Наставляя ухо, вслушивался в то, что урывисто произносилось тем или другим, а на привале, когда разожгли костер и сварили кашу в котле, что нес заросший до глаз пшеничною буйною бородою великан (он нес на плече устрашающего вида рогатину чуть не с целое дерево величиной и вдобавок котел за спиною), парень и вовсе погиб, слушая соленые разговоры и шутки бывалых ратников. Ночь осенняя, темная уже плясала комариным писком над тысячами костров, там и тут раздавались говор и смех, кони, незримые в темноте, хрупали овсом. Огонь высвечивал то бок шатра, то телегу с поднятыми оглоблями. Великан, развалясь на расстеленном армяке близ костра (один умял полкотла каши!), сейчас, сытый, лениво отбивался от наскоков ратника, который наконец-то снял свою броню и, присев на корточки к костру, кидал туда то сучок, то щепку, поправляя огонь.
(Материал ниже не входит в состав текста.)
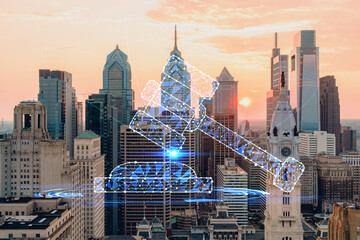 Aerial panoramic cityscape of Philadelphia financial downtown, Pennsylvania, USA. City Hall Clock Tower, sunset. Hologram of legal icons. The concept of law, order, regulations and digital justice.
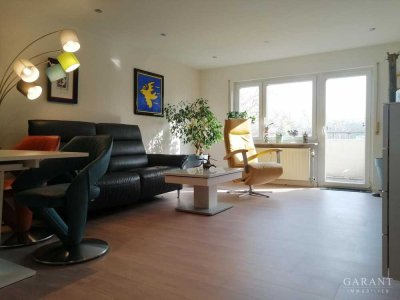 Außergewöhnliche 3 Zimmer-Wohnung mit exklusiver Dachterrasse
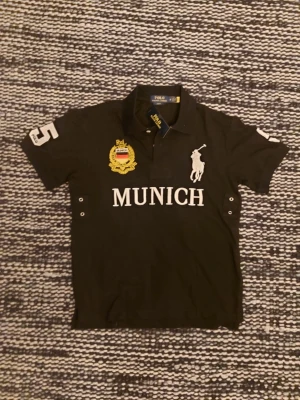Svart pikétröja med tryck från Polo Ralph Lauren - Svart pikétröja från Polo Ralph Lauren med vit logga och texten 'MUNICH' framtill. Tröjan har krage, knappar vid halsen och broderad detalj på bröstet samt siffran 5 på ärmen. Perfekt för en sportig och stilren look.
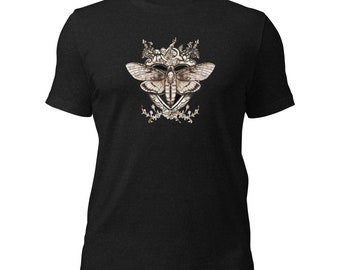 May include: Black t-shirt with a graphic of a moth with intricate details and floral accents.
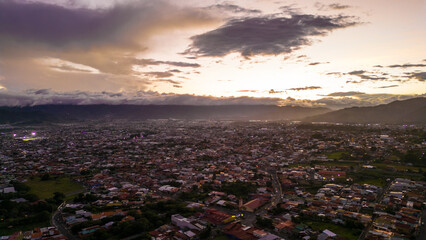 Aerial shot of a neighborhood in Cartago, Costa Rica during a beautiful sunset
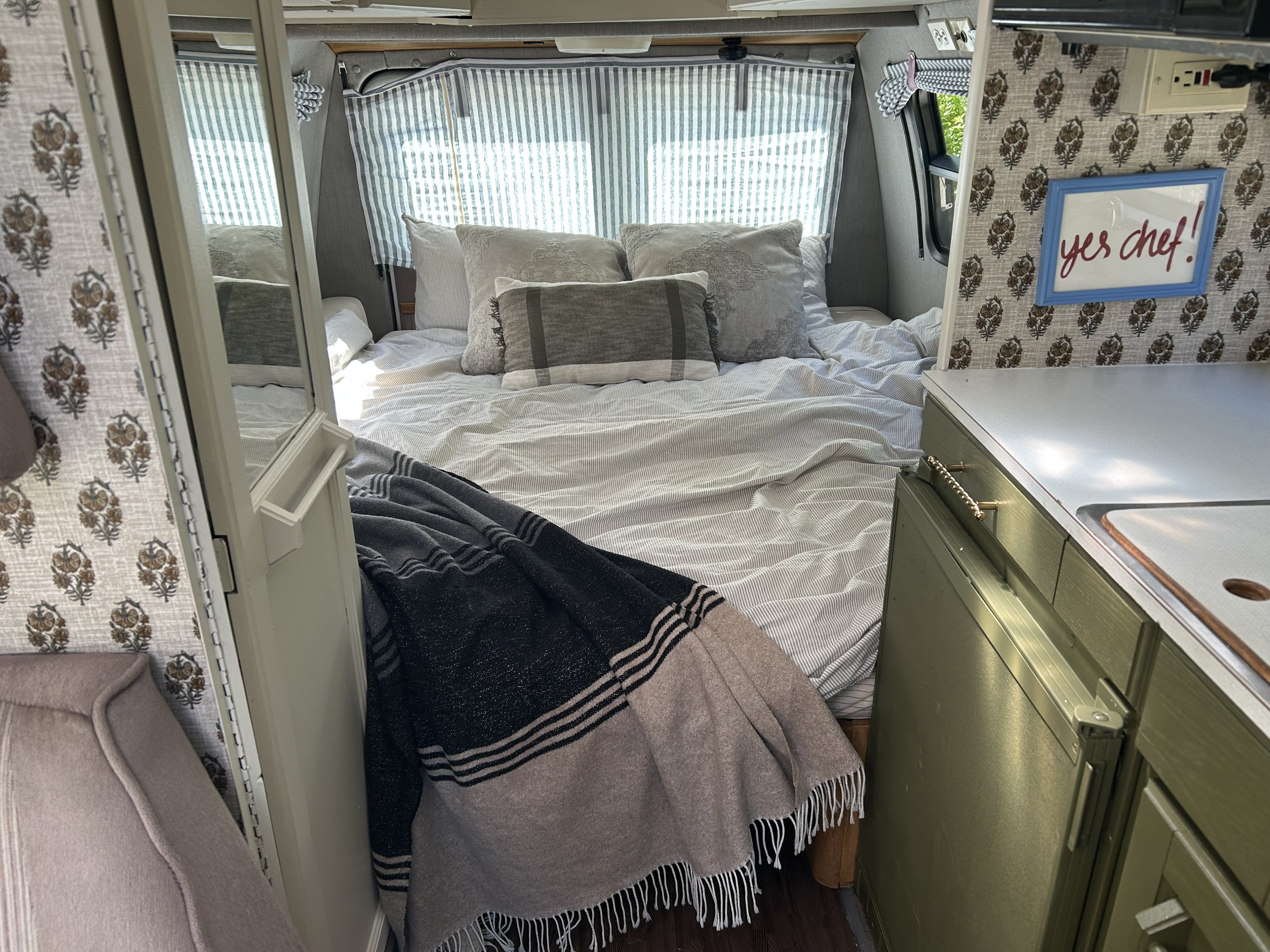 Cozy RV rental interior showcasing a comfortable bed with striped bedding, curtains, and a compact kitchen with a "yes chef!" sign.. Roadtrek 190 Popular 1995
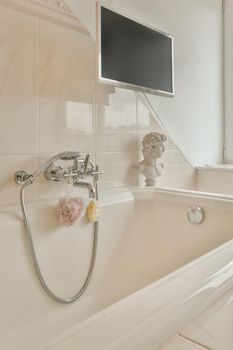 Ceramic bathtub with monitor decorated with bathroom accessories in a modern house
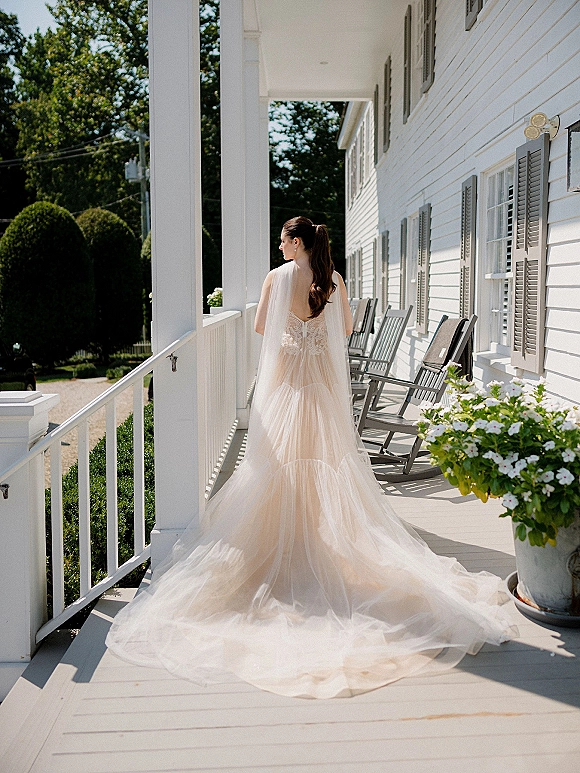 Bridal portrait of a bride from behind in a backless wedding dress with cathedral veil and train, standing on a white porch with rocking chairs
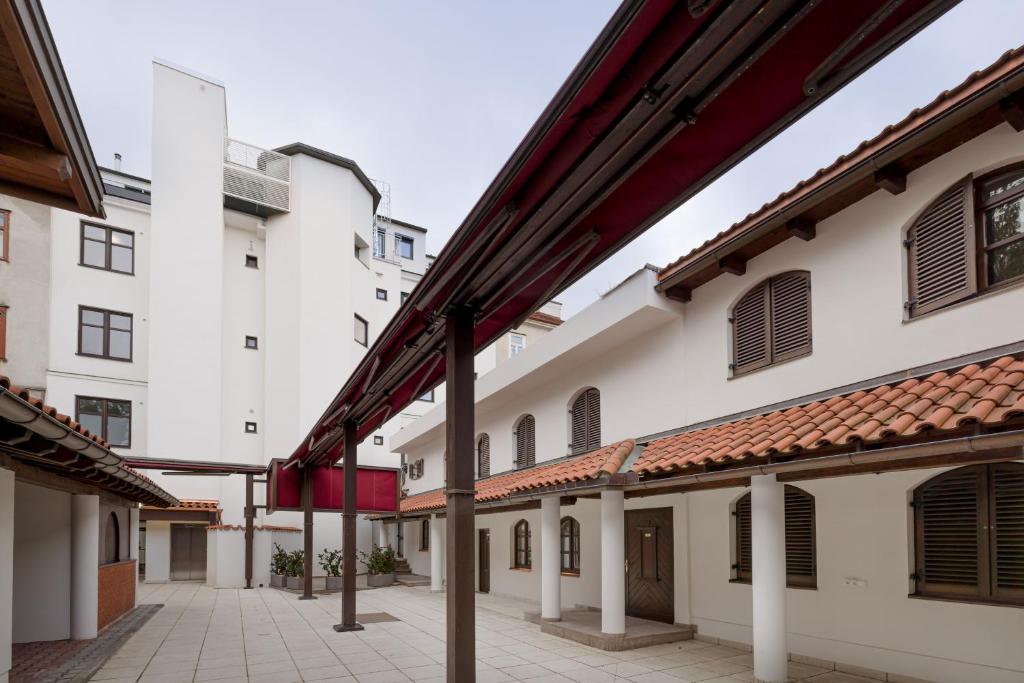 an empty courtyard of a building with white buildings at Vienna Stay Apartments Schönbrunn in Vienna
— Женку как зовут? — прошал он у великана.
— По-церковному — Глахира, Глафира, как-тось так! Ну а попросту — Глаха!
— отвечал тот, добродушно щурясь. Только что сказывал: когда мечет стога, то копну тройнею подымает всегда зараз, и женке много дела наверху — успевать топтать сено. Парень завистливо оглядывал великана — целую копну зараз! Редкий мужик и подымет, а уж на верех забросить!
— Ты и телегу, поди, заместо коня вытащишь? — с подковыркою прошал ратник.
— А че? Коли не сдюжит конь… Приходило… Я, коли воз угрязнет где, николи не сваливаю, ни дровы, ни сено — так-то плечом, и — пошел! Другие коней лупят по чем попадя. А я коня николи кнутом не трону. Конь — тот же человек! Коли не сдюжил, так и знай, что помочь надобна…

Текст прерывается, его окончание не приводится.